A recent study by the University of Melbourne (Dr Melissa Mulraney & Prof Harriet Hiscock) has found the majority of Australian children with mental health disorders are not getting the right help.

The longitudinal study looked at nearly 5000 Australian children from all different backgrounds. Fewer than 1 in 4 with mental health problems saw a health professional in the 18 months after being identified as having a mental health issue.

Girls were less likely to access care than boys, as were families from non-english speaking backgrounds. The youngest age group of 8-9 year olds were also the least likely to access services.

The study is the first to look at Medicare data relating to service access rates, rather than parent reports (which likely over-state services accessed).

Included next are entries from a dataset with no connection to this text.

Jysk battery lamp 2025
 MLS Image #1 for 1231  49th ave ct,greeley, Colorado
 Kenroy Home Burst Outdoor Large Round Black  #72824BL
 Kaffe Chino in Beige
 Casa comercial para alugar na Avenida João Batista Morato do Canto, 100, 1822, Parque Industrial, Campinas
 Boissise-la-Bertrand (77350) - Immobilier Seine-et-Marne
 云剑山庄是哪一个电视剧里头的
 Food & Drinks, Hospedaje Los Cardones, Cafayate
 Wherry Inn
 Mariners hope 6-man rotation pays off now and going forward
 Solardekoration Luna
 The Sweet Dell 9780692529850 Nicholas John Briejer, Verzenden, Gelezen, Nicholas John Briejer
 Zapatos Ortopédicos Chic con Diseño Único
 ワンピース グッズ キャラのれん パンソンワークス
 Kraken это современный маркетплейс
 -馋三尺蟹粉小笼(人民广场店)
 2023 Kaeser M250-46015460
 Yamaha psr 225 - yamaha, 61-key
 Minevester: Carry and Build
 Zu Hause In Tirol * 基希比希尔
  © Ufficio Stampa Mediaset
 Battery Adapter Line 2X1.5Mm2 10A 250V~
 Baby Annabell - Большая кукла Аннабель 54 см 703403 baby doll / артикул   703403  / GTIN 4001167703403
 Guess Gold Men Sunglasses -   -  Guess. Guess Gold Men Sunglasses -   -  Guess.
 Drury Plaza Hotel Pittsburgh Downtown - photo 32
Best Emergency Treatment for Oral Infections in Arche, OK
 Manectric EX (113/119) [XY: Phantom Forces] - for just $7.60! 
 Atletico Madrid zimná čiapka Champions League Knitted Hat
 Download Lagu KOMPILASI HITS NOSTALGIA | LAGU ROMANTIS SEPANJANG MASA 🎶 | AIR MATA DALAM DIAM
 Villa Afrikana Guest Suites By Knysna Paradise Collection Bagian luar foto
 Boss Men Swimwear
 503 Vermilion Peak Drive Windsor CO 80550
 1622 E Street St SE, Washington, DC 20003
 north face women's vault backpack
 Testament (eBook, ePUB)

Attitudes that kids will 'grow out of it', or that 'it's a phase' are barriers to kids accessing treatment. Services were usually only accessed after an increase in severity over time, rather than early intervention. This can lead to mental health conditions that are harder to treat & take more time to improve.

This study shows us that mental health conditions don't just arise in adolescence, but often begin in early childhood. However, diagnosis can be more difficult in younger children. Medicare data from 2016-2017 shows children under the age of 15 have the lowest use of Medicare-rebated mental health services of any other Australian age group.

The study points out that the quality & intensity of services available have not improved, with most children who do access services not receiving treatment over a sustained period of time. One problem identified is that Medicare is based on a capped amount of sessions, rather than evidence of improvement. There is need for a systems-level shift to funding based on measured symptom improvement rather than number of sessions attended.

These findings clearly indicate we need to better understand why parents & children miss out on care, & ensure better access to effective services.